▼

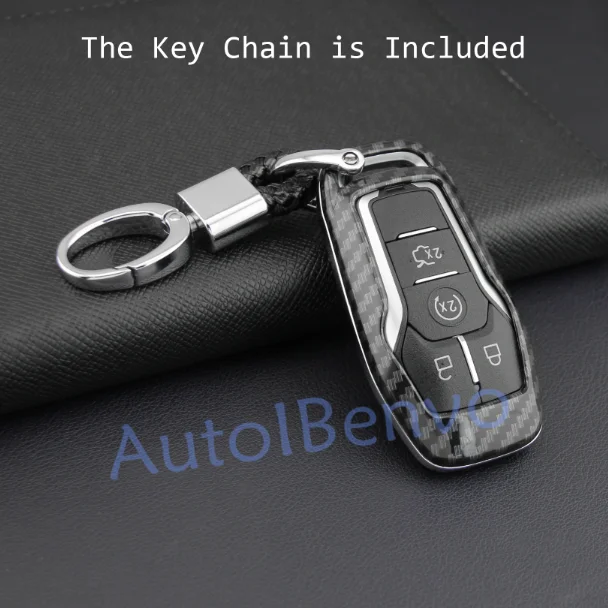 Contain Key Chain Углеродное волокно умный Автомобильный ключ защитная оболочка для Ford Mustang Edge Mondeo F-150 Explorer Lincoln MKZ MKC MKX брелок аксессуары - Название цвета: Contain Key Chain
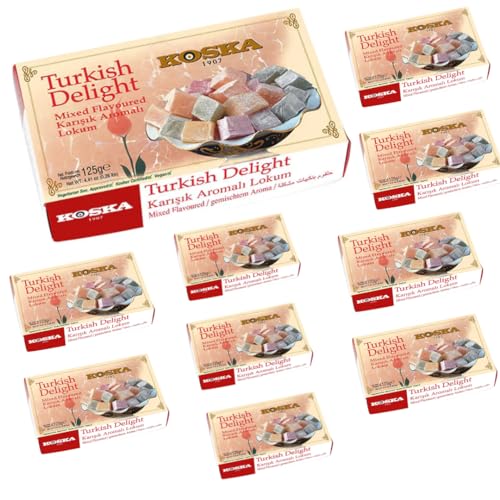 Koska, gemischt aromatisierter Mini-Türkischer Genuss Türkische Süßwarenspezialität 125 gr x 10 Stück von Pufai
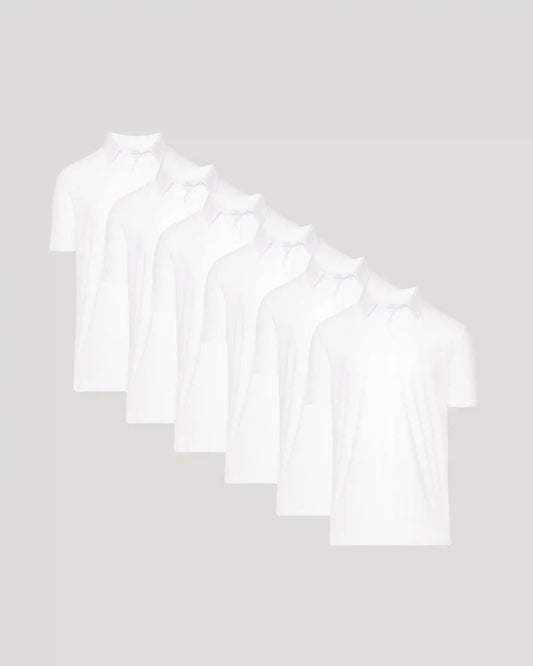 All White Active Polo 6-Pack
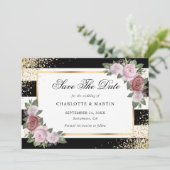 白黒金ゴールド紙吹雪赤面結婚フローラ セーブザデート (スタンド正面)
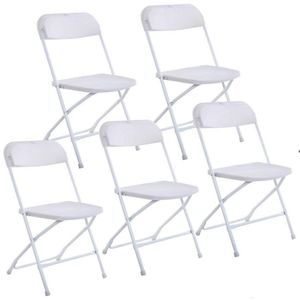 New Plastic Folding Chairs Wedding Party Event Chair Commercial White JJA8261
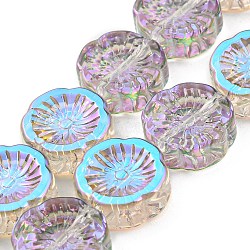 Half Rainbow Plated Electroplate Glass Transparent Beads Strands, Flower, Light Sky Blue, 14x14.5x5.5mm, Hole: 1.2mm, about 45pcs/strand, 25.83 inch(65.6cm)(EGLA-G037-10A-HR02)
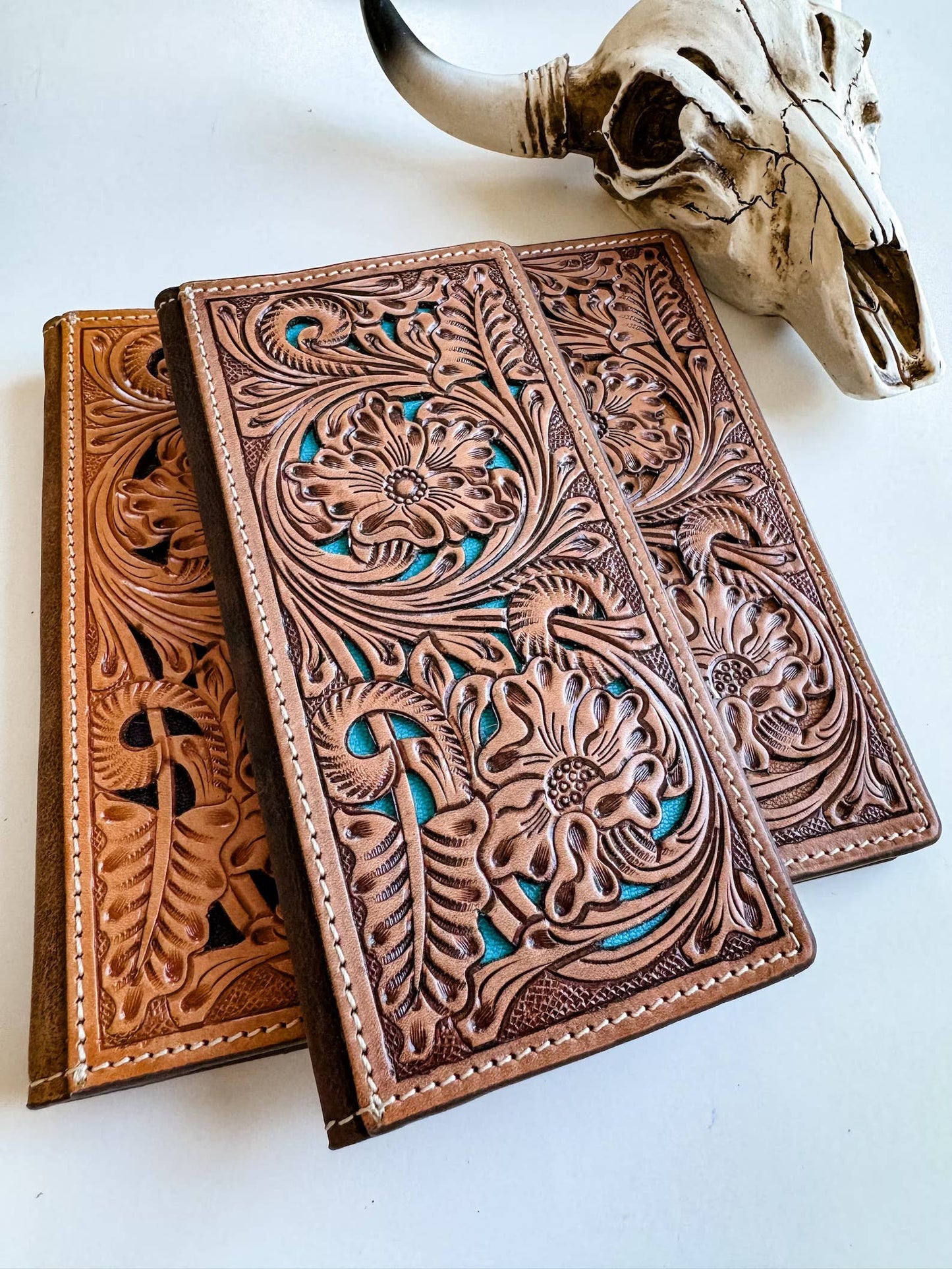 Western Genuine Tooled Leather Bi-Fold Wallet : TAN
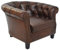 Casa Padrino Luxus Chesterfield Leder Sessel Dunkelbraun/Schwarz 80 x 80 x H. 66 cm - Echtleder Wohnzimmer Sessel - Chesterfield Wohnzimmer Möbel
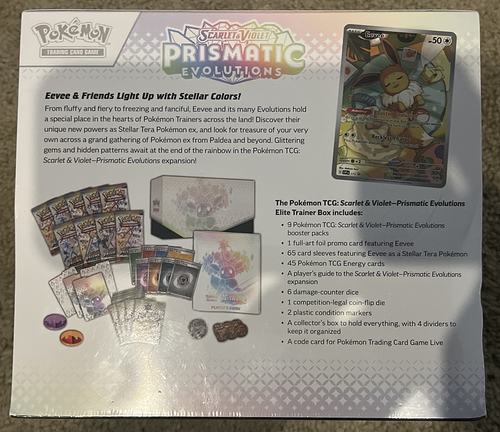 POKEMON TCG ESCARLATA Y VIOLETA EVOLUCIONES PRISMÁTICAS ELITE CAJA ENTRENADOR ETB ¡NUEVO!! - Imagen 2 de 6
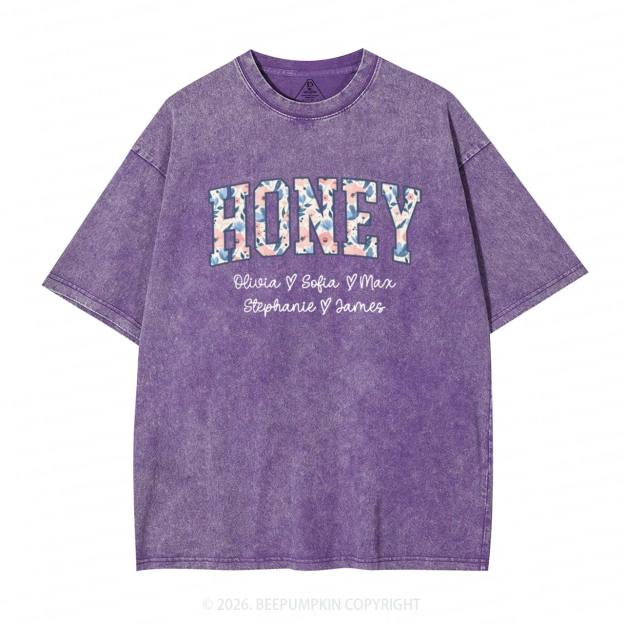 Personalized Floral with Names Mother's Day Adult Washed T-Shirts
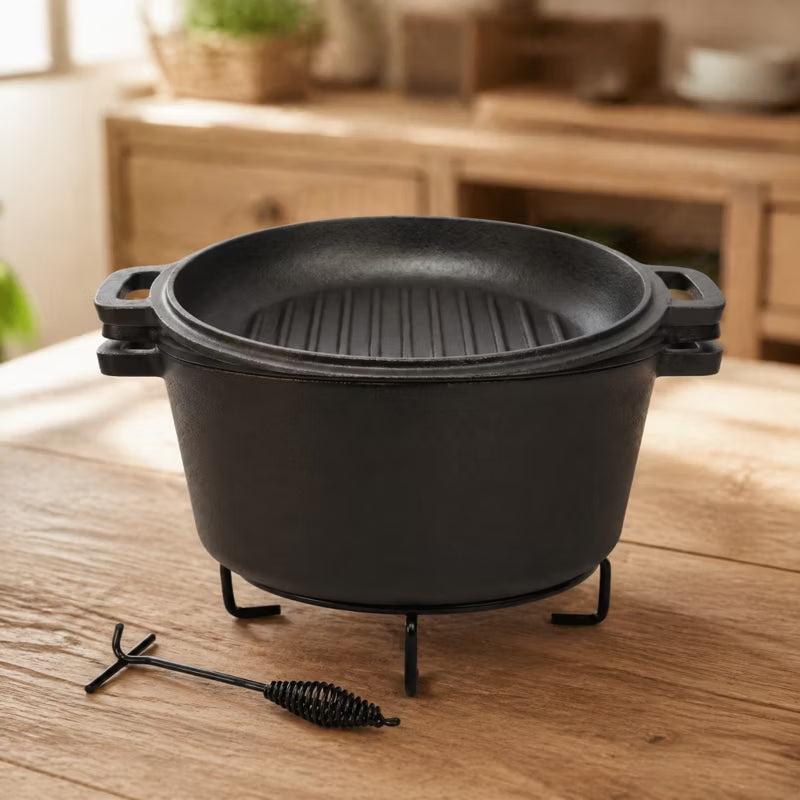 3-in-1 Cast Iron Dutch Oven with Skillet Lid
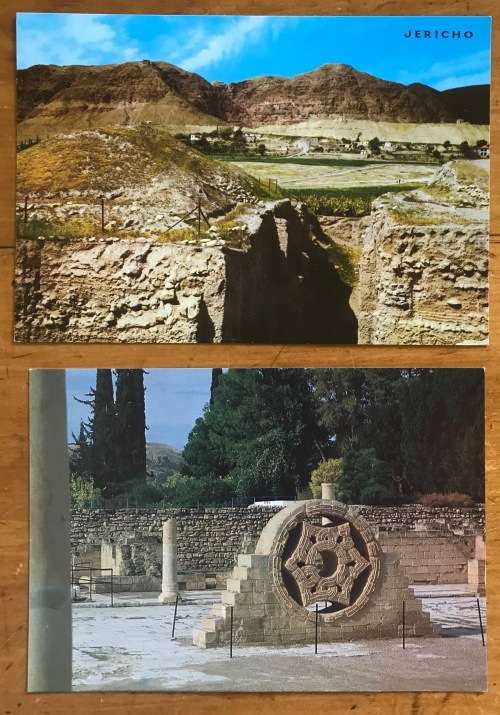 POSTCARDS x 2 POST CARDS ISRAEL JERICHO MOUNT of TEMPTATION MATTHEW 4:8 HISHAM`S PALACE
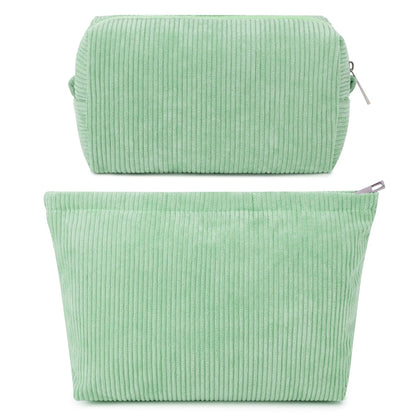 SOIDRAM green corduroy makeup bag front view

▲

§ INSTRUCTIONS FOR THE TASK: When you restate the listing, keep every word as it is and drop the pictures.

§ RESULT FOR THIS TASK:
 Contain Key Chain Углеродное волокно умный Автомобильный ключ защитная оболочка для Ford Mustang Edge Mondeo F-150 Explorer Lincoln MKZ MKC MKX брелок аксессуары - Название цвета: Contain Key Chain
 Koska, gemischt aromatisierter Mini-Türkischer Genuss Türkische Süßwarenspezialität 125 gr x 10 Stück von Pufai
 All White Active Polo 6-Pack
 白黒金ゴールド紙吹雪赤面結婚フローラ セーブザデート (スタンド正面)
 New Plastic Folding Chairs Wedding Party Event Chair Commercial White JJA8261
 Half Rainbow Plated Electroplate Glass Transparent Beads Strands, Flower, Light Sky Blue, 14x14.5x5.5mm, Hole: 1.2mm, about 45pcs/strand, 25.83 inch(65.6cm)(EGLA-G037-10A-HR02)
 Western Genuine Tooled Leather Bi-Fold Wallet : TAN
 Casa Padrino Luxus Chesterfield Leder Sessel Dunkelbraun/Schwarz 80 x 80 x H. 66 cm - Echtleder Wohnzimmer Sessel - Chesterfield Wohnzimmer Möbel
 POKEMON TCG ESCARLATA Y VIOLETA EVOLUCIONES PRISMÁTICAS ELITE CAJA ENTRENADOR ETB ¡NUEVO!! - Imagen 2 de 6
 Personalized Floral with Names Mother's Day Adult Washed T-Shirts
 3-in-1 Cast Iron Dutch Oven with Skillet Lid
 POSTCARDS x 2 POST CARDS ISRAEL JERICHO MOUNT of TEMPTATION MATTHEW 4:8 HISHAM`S PALACE
 SOIDRAM green corduroy makeup bag front view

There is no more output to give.